Supplied entries:
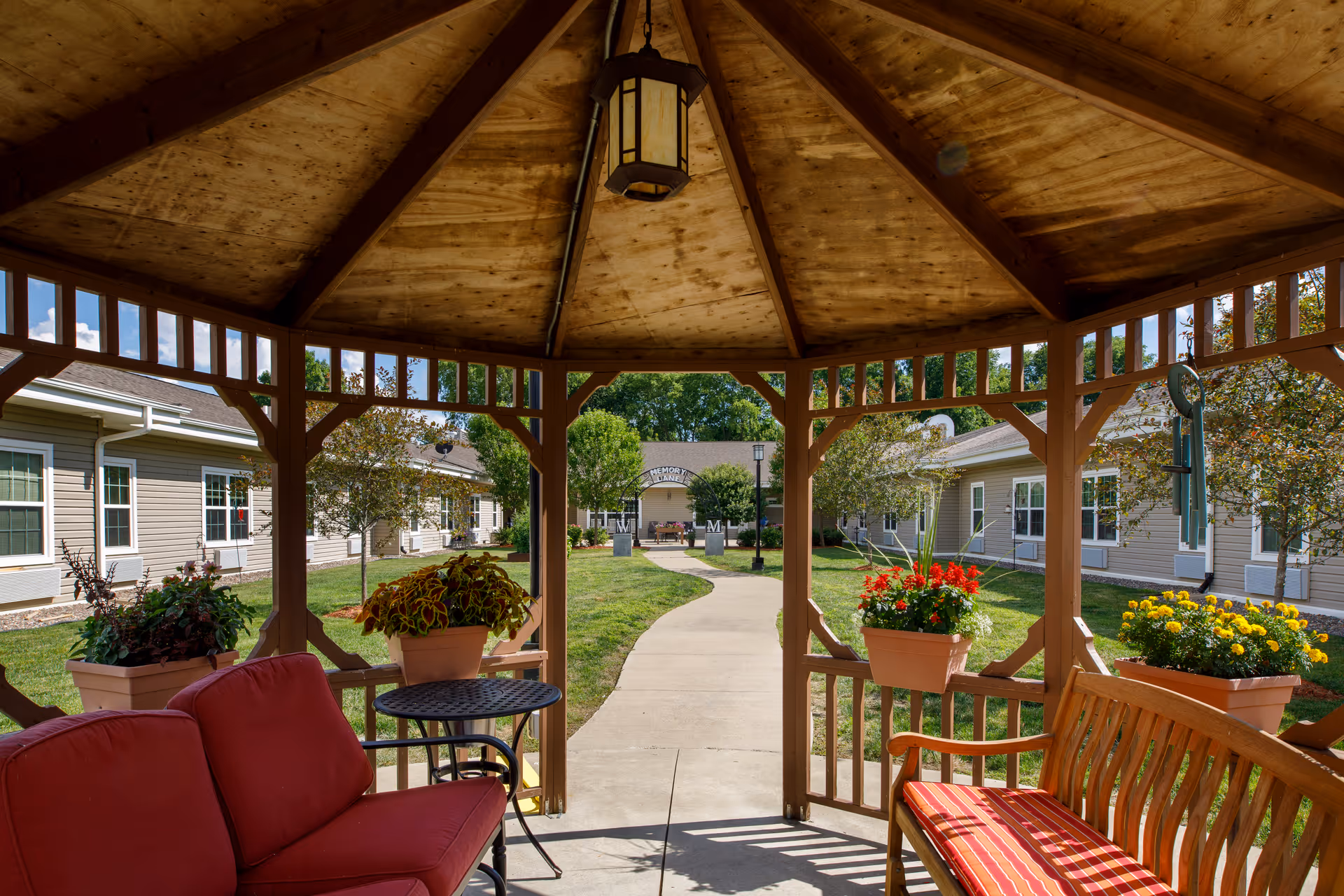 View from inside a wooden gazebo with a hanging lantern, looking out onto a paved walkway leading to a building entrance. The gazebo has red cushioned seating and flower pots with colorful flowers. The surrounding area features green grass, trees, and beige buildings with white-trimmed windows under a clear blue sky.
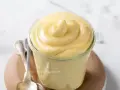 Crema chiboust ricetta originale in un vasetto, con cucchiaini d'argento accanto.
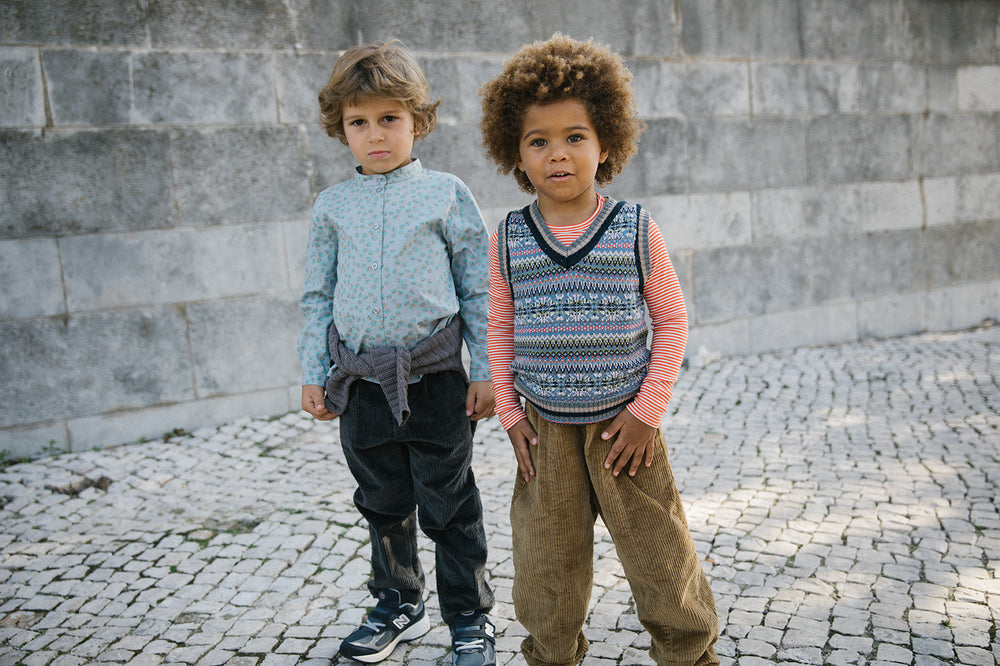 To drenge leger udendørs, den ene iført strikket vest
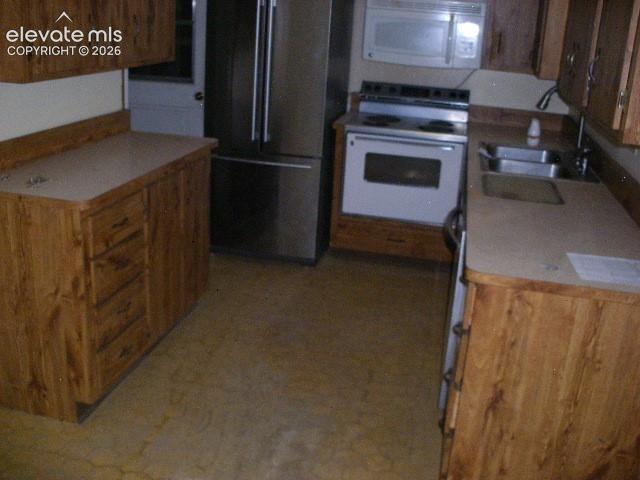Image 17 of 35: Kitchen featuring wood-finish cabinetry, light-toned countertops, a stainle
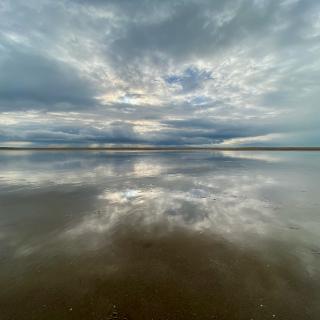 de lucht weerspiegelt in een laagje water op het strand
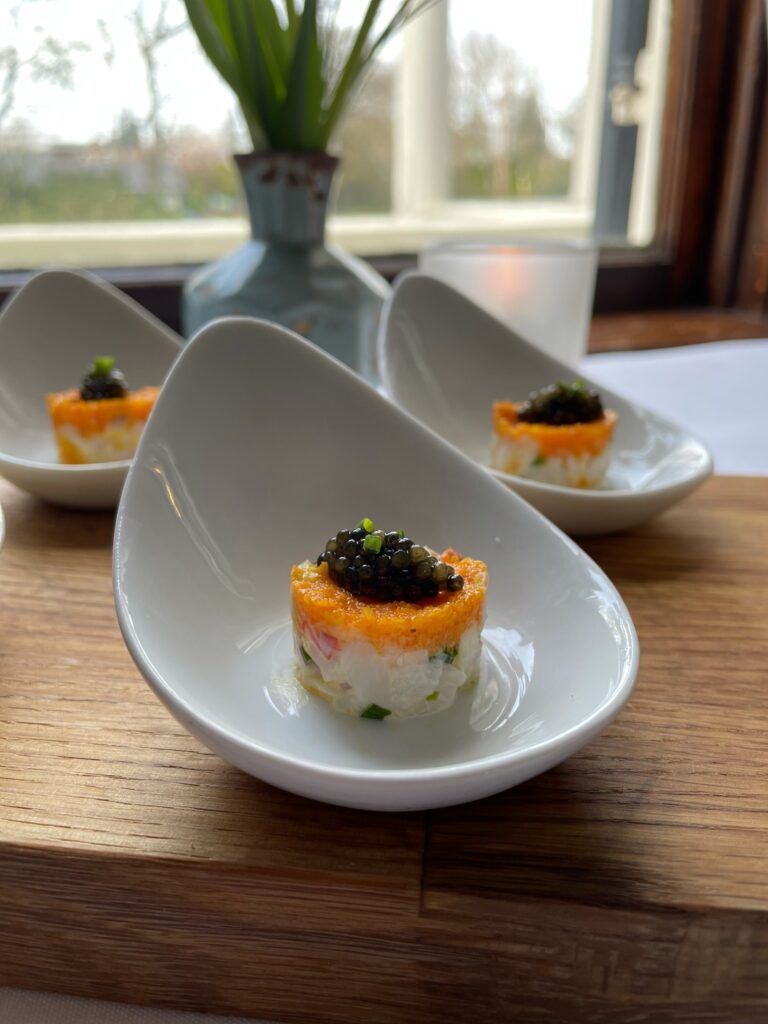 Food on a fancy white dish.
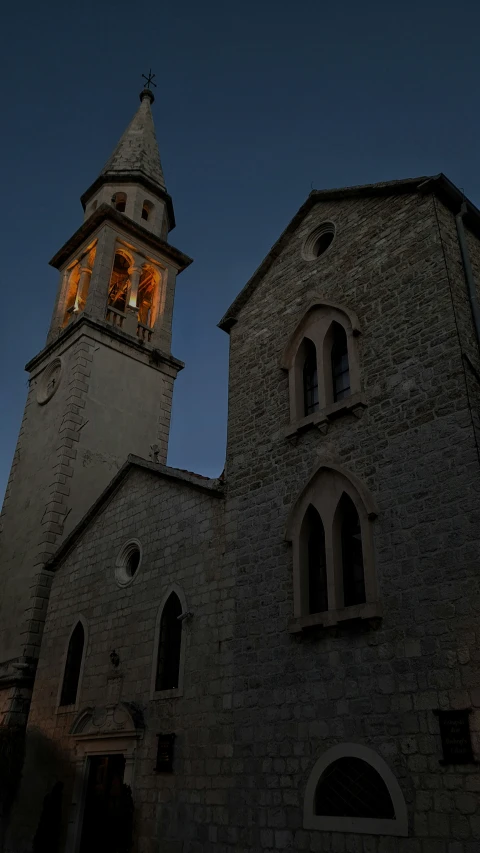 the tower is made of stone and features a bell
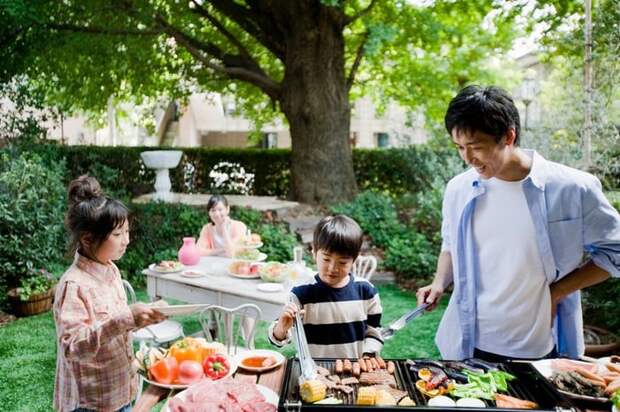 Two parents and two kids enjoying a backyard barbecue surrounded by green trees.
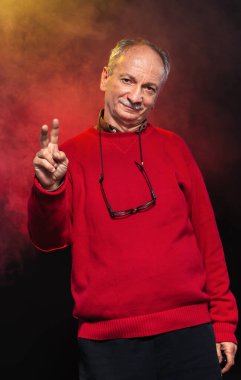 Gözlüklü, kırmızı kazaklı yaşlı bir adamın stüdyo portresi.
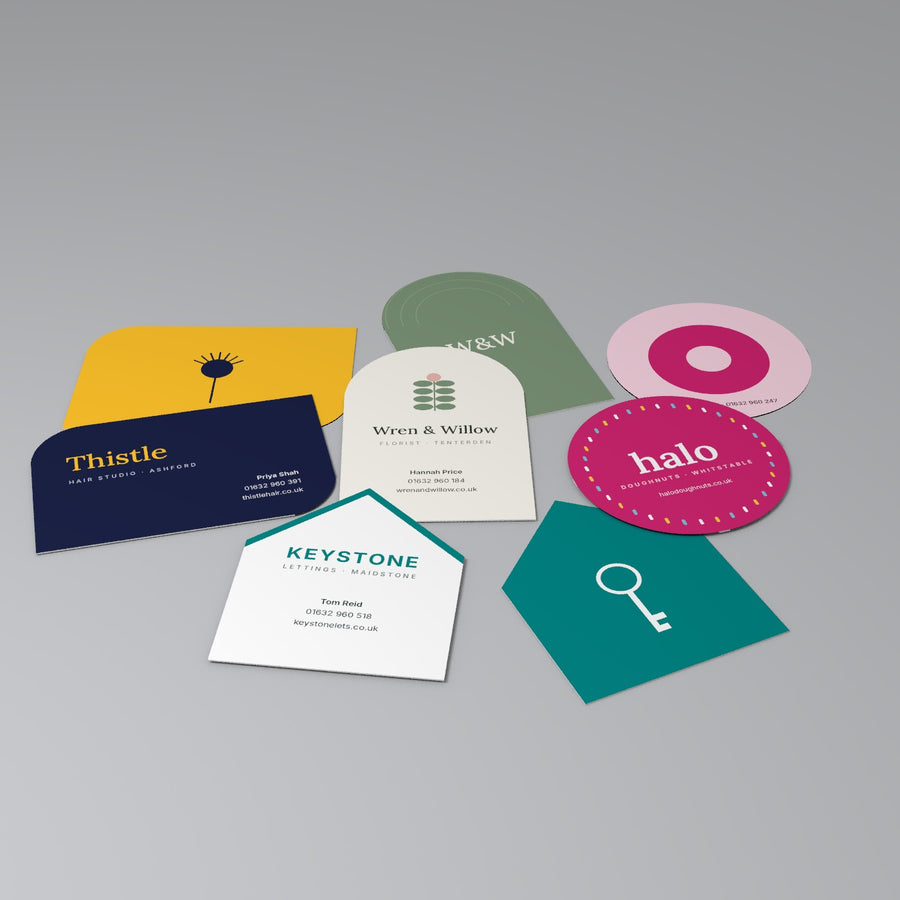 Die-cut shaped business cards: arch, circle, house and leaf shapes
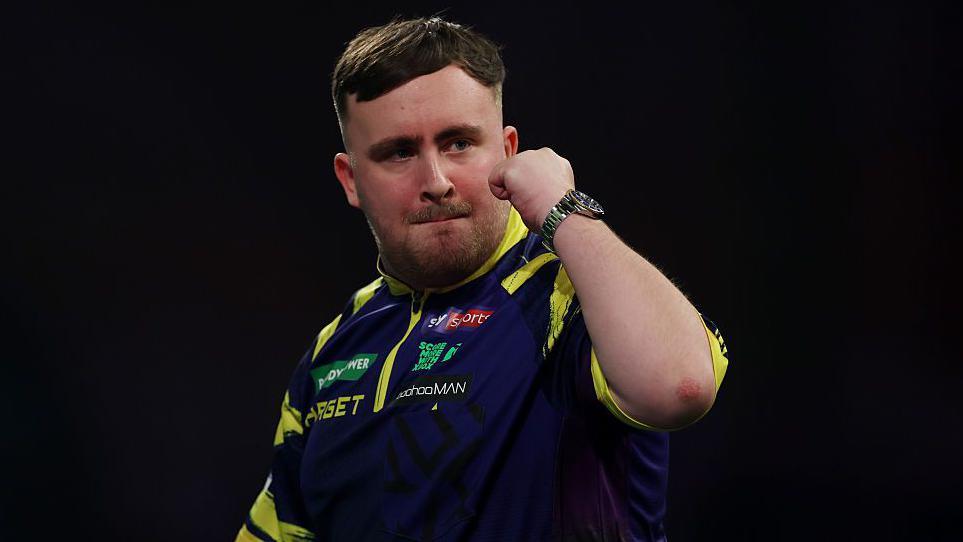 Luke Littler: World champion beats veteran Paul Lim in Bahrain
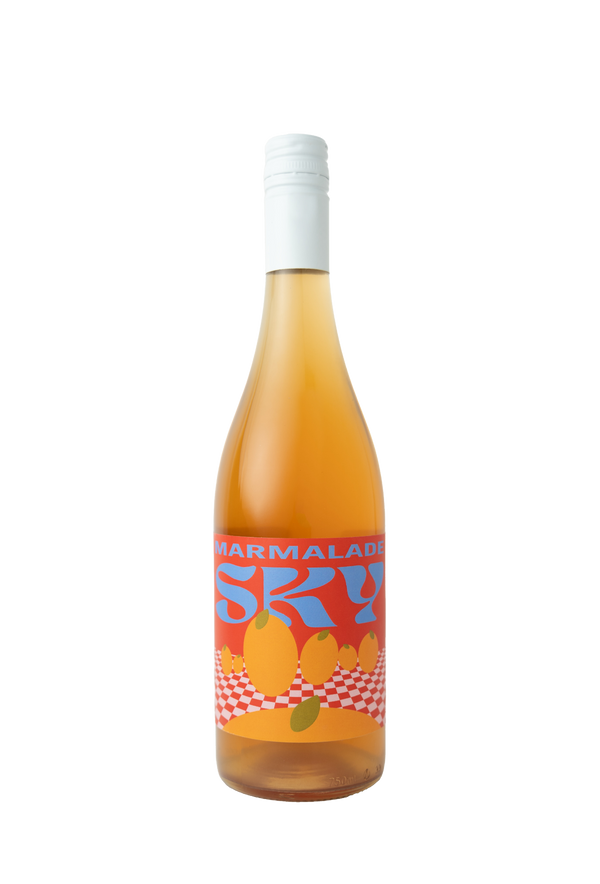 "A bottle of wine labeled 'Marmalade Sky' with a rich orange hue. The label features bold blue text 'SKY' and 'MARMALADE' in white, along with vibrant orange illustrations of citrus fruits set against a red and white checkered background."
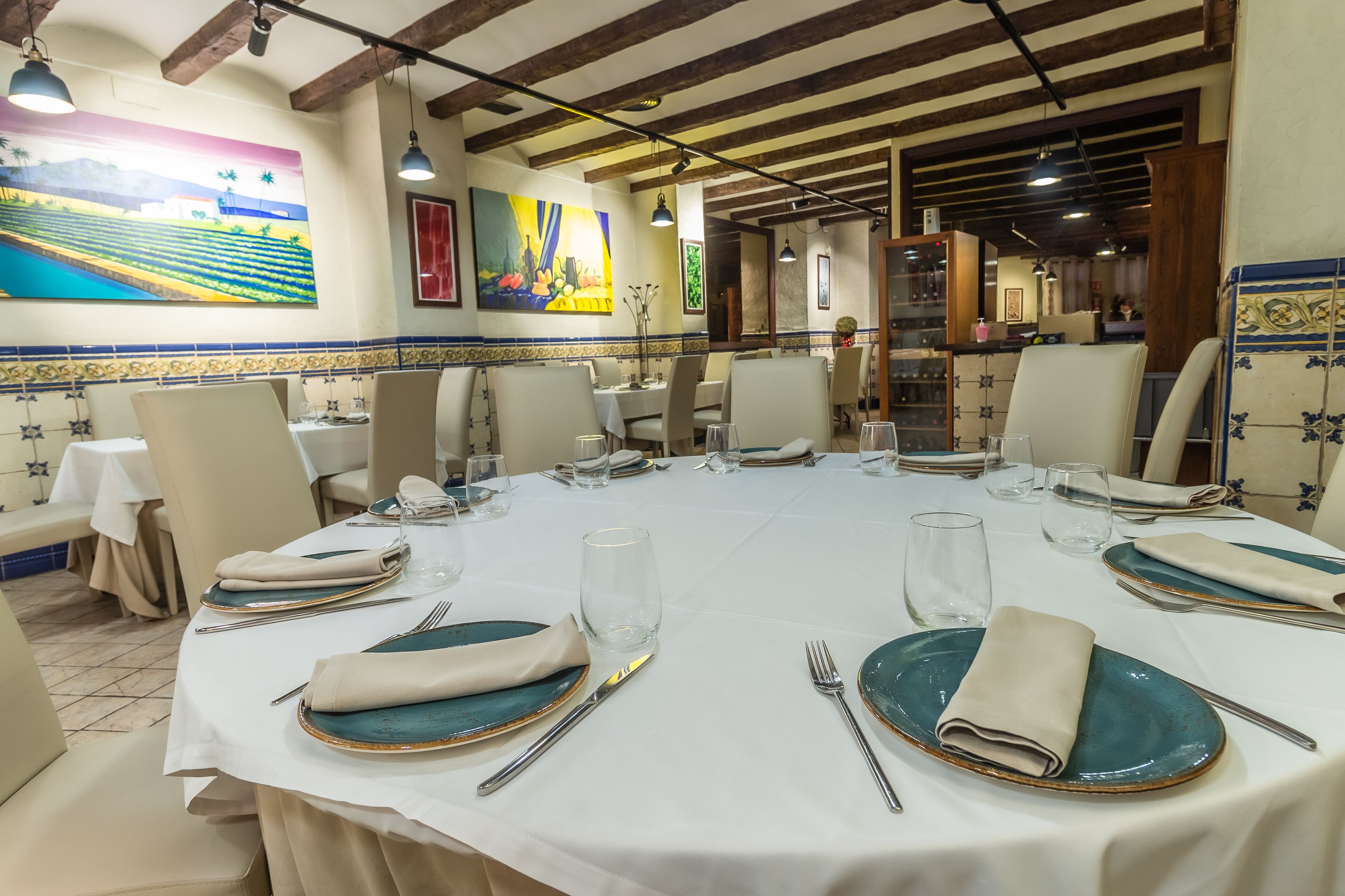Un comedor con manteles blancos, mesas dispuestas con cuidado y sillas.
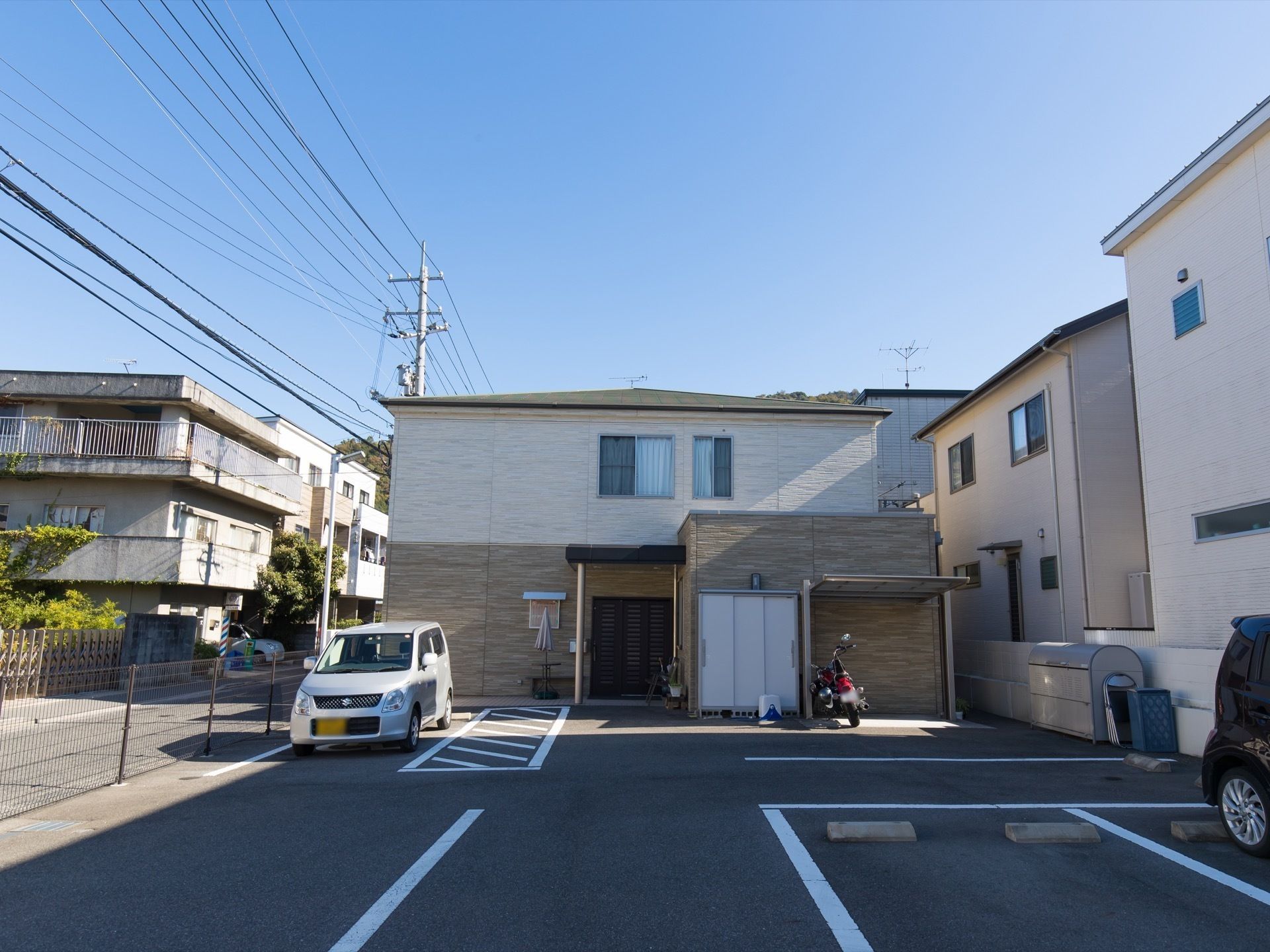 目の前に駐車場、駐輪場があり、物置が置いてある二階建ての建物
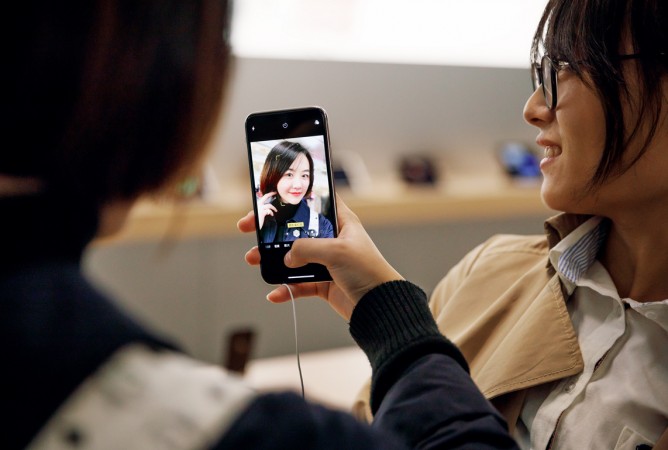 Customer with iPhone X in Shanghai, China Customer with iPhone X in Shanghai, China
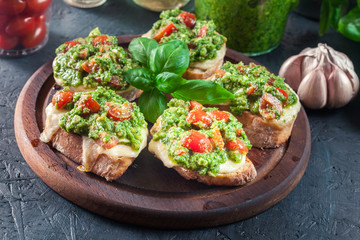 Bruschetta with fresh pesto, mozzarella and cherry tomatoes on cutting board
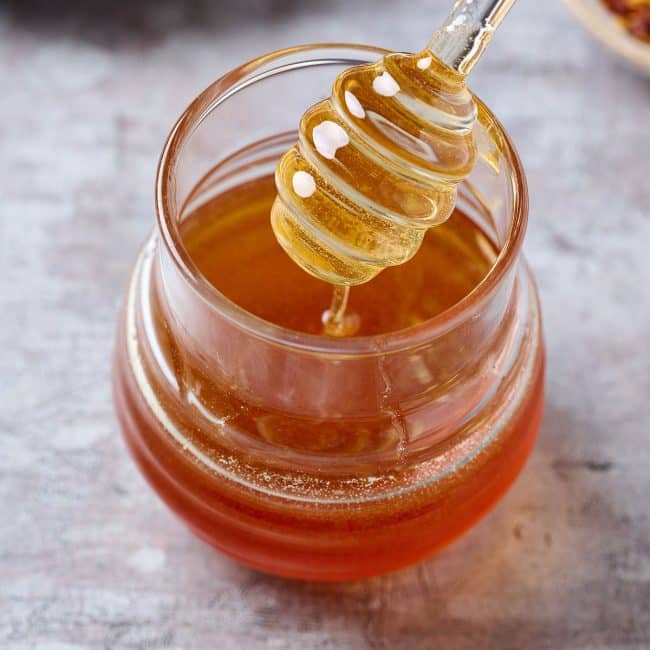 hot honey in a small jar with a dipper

Problem details: Without any pictures, repeat the listing exactly.

Output of the task:
 View from inside a wooden gazebo with a hanging lantern, looking out onto a paved walkway leading to a building entrance. The gazebo has red cushioned seating and flower pots with colorful flowers. The surrounding area features green grass, trees, and beige buildings with white-trimmed windows under a clear blue sky.
 Crema chiboust ricetta originale in un vasetto, con cucchiaini d'argento accanto.
 To drenge leger udendørs, den ene iført strikket vest
Image 17 of 35: Kitchen featuring wood-finish cabinetry, light-toned countertops, a stainle
 de lucht weerspiegelt in een laagje water op het strand
 Food on a fancy white dish.
 the tower is made of stone and features a bell
 Two parents and two kids enjoying a backyard barbecue surrounded by green trees.
 Gözlüklü, kırmızı kazaklı yaşlı bir adamın stüdyo portresi.
 Die-cut shaped business cards: arch, circle, house and leaf shapes
 Luke Littler: World champion beats veteran Paul Lim in Bahrain
 "A bottle of wine labeled 'Marmalade Sky' with a rich orange hue. The label features bold blue text 'SKY' and 'MARMALADE' in white, along with vibrant orange illustrations of citrus fruits set against a red and white checkered background."
Un comedor con manteles blancos, mesas dispuestas con cuidado y sillas.
 目の前に駐車場、駐輪場があり、物置が置いてある二階建ての建物
 Customer with iPhone X in Shanghai, China Customer with iPhone X in Shanghai, China
 Bruschetta with fresh pesto, mozzarella and cherry tomatoes on cutting board
 hot honey in a small jar with a dipper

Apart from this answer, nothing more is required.